The Process 1
A Composer's Beginnings
We all have our personal ways of writing. I started with a pencil on manuscript paper.
Well, not really.
As a child I copied the notes from my father’s handwritten notebook from when he studied saxophone. But actually I started making up songs on the guitar.
My friends and I started a band, truly a garage band, while still in junior high school. We had drums, two guitars and a singer. Wait a minute - no bass player? So the singer and I went to a music store and he bought a bass. I showed him the bass parts to the songs we played.
At the time it was a mix of Rolling Stones, Allman Brothers, Cream, etc. But I did create a few original songs in our set.
To be accurate, I didn’t really write the music on guitar, but rather I would imagine the music in my mind and then approximate it on guitar later and then show it to my bandmates.
I could read music a little bit due to my guitar lessons, but notation played no part in my nascent process.
The next year in high school the other guitar player moved on and we acquired a keyboard player and a new singer. Our former singer then focused on bass.
Our repertoire became more sophisticated, though the school dances we played required more pop fare. I was now studying classical guitar, but it was a completely separate activity.
Meanwhile my friends Steve Aprahamian (now a composer) and Bob Jenkins, a deep music aficionado, started to play me records by John McLaughlin and the Mahavishnu Orchestra and Chick Corea’s Return To Forever. I was entranced. Steve also had a live reel-to-reel recording of the all acoustic group Oregon that featured Ralph Towner on Classical guitar. I knew somehow in the future the classical guitar would figure in my music, even as an improviser.
My classical guitar teacher at the time, Leonid Bolotine, aware that I knew little of music theory, sent me to his sister-in-law, Ariadna Mikéshina, a composer who studied with Richard Stauss, to learn theory, ear training and piano.
As I progressed Madam Mikéshina began to teach me composition, of which orchestration was a big part.
So the idea of writing music became a very different thing. It was something you worked out on piano and wrote on music manuscript paper.
At the same time, still in high school, my journey into jazz evolved backwards from the 70s jazz-rock fusion at the time to late 60s Miles Davis, 60s post-bop, 50s cool jazz, Ornette Coleman’s free jazz and back to the 40s bebop of Charlie Parker and Dizzy Gillespie and around again to the most modern stuff I could find.
By the time I was a senior in High School I was far removed from the rock scene and putting together a fusion group with electric piano, bass, drum and electric guitar.
I wrote all the music for this band.
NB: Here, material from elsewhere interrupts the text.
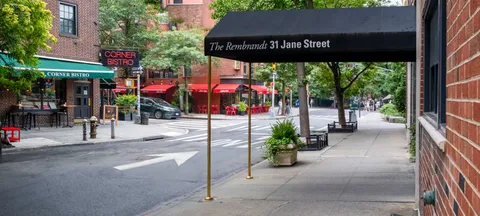 a view of street with an entrance and a building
Much to the band’s dismay, because of my training, I wrote the charts as if it was chamber music.
This is when I realized I was writing for improvisers. There were times where it was necessary to write detailed parts and other times when the music (and the musicians) benefitted from just melody and chord changes. Usually it turned out to be something in between.
To simplify the charts (not the music) visually, I consulted an old fakebook of my uncle’s. This book, though, was quite pre-Real Book and it often would have the symbol C for 4 bars when the recording of the song, at least a jazz version, seemed to have chords changing every measure, often two chords per measure.
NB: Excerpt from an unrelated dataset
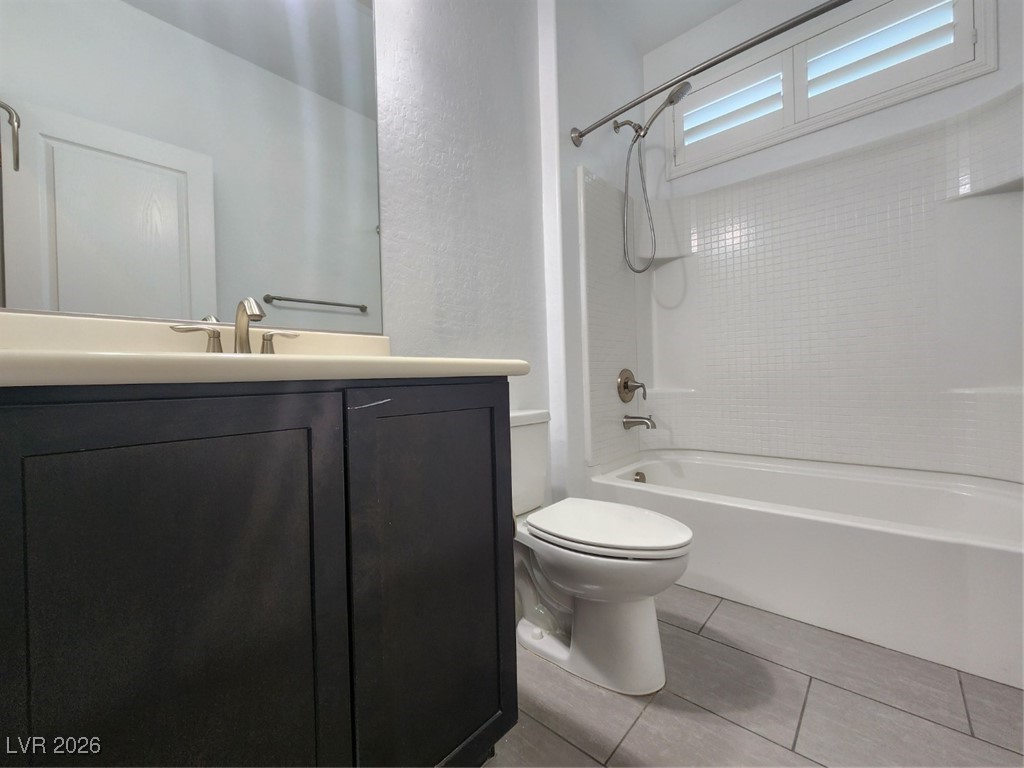 7022 Cordite Road Las Vegas, NV 89178 - Photo 15 of 51 Bathroom featuring tub / shower combination, vanity, a textured wall, and light tile patterned floors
The first year of college I studied classical guitar and started to gig with local funk and disco bands, observing the charts we used, though we were often expected to know the tunes before rehearsals.
The next year, to the disappointment of my classical teachers, I went to Berklee College of Music in Boston to study jazz. It was there that I encountered the original Real Book. After learning everything contained therein and from my private lessons with George Russell, my process of preparing written music of my compositions for improvisors was now ready to proceed, with constant developments as the years went on.
I finally felt comfortable notating my music in a way that served the music and the musicians.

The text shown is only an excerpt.